On Jan. 4, 2011, former President Barack Obama signed into law one of the most sweeping reforms of the country’s food safety laws since the 1950s – the Food Safety Modernization Act (FSMA). The law, which enjoyed bipartisan support in Congress and initial support from the animal food industry, shifted the country’s thinking about food safety for human and animal food from responding to food safety issues to preventing them.
The law provided the Food and Drug Administration with sweeping new authorities and requirements for both the human and animal food industry. Among other provisions, it authorized the FDA to: promulgate new rules for preventive controls, develop performance standards, strengthen its administrative detention rules, provide mandatory recall authority of adulterated products and hire more than 4,000 new field staff.
FSMA impacts all involved in the manufacturing of feed and pet food, from ingredient processors to animal food manufacturers to feed and ingredient importers to the transportation industry – all members of the American Feed Industry Association. As such, AFIA has been heavily involved in providing comments to the FDA on its various rulemaking proposals and working with other feed organizations to better define the costs and benefits of FSMA’s final animal food rule.
The animal food industry is committed to feed and pet food safety. However, AFIA believes this law was a solution in search of a problem, as the benefit to animal food safety is negligible, while the impacts to large and small animal food manufacturers is enormous.
Of serious concern to the industry has been the massive price tag that comes with manufacturers complying with this rule, from retrofitting machinery and the layout of facilities to training staff to interpreting and complying with the law’s many recordkeeping requirements. Some estimates have shown that the cost of the FSMA animal food rule neared $1 billion annually for the collective feed industry, which amounts to more than 2 percent of the industry’s gross revenue, or roughly the industry’s annual net income.

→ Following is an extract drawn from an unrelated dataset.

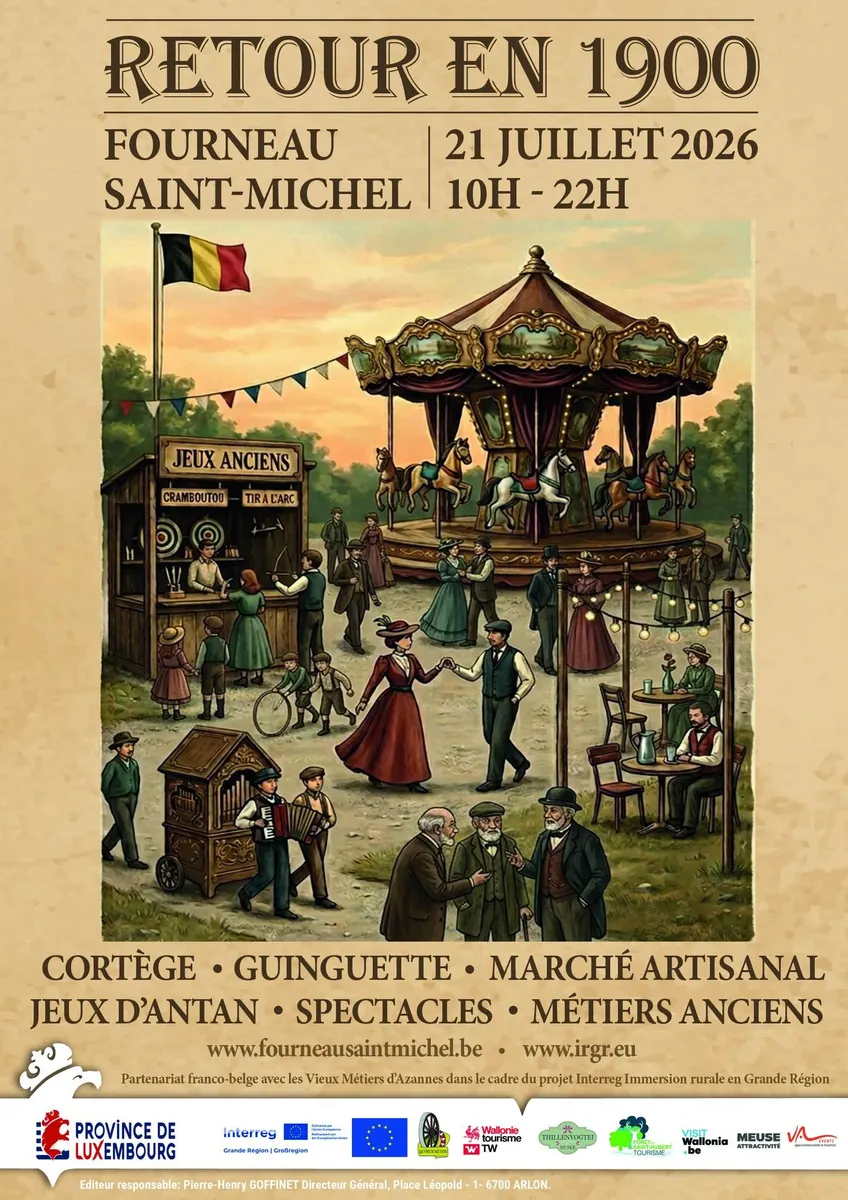 1900 à l'heure de la Fête nationale : plongez dans le passé !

Given the enormous cost to the industry, George Mason University’s Mercatus Center conducted a study on the rule’s benefits to the animal food industry and found that it was near zero. A review of the animal food safety issues documented in the FDA’s Reportable Food Registry backed up this assertion, showing that over the last five years, only a handful of incidences involved the feed industry – representing a miniscule part of the nearly 900 million tons of animal food manufactured in the United States during the time frame.
Although it is still unclear whether Congress will provide sufficient funding authorization to fully implement the law, AFIA has been engaged with the FDA over the past several years to express its concerns with many provisions within the animal food rule, and in several instances, the association has requested the FDA reopen the comment period for FSMA so that stakeholders could weigh in on the requirements that are more geared toward the human food industry, not the animal food industry, and provide reasonable expectations that are targeted toward the needs and abilities of the animal food industry.
AFIA has also been calling upon the FDA to extend its compliance and inspection dates for certain parts of the rule, as guidance from the agency had either not been issued or finalized, which has prevented the industry from having ample time to retrofit facilities and make any necessary adjustments to their operations, as well as train staff and maintain records. Also, the additional time would give the FDA the ability to respond to questions from the industry and train its inspectors on what to look for during inspections, ensuring consistency among inspections across the industry.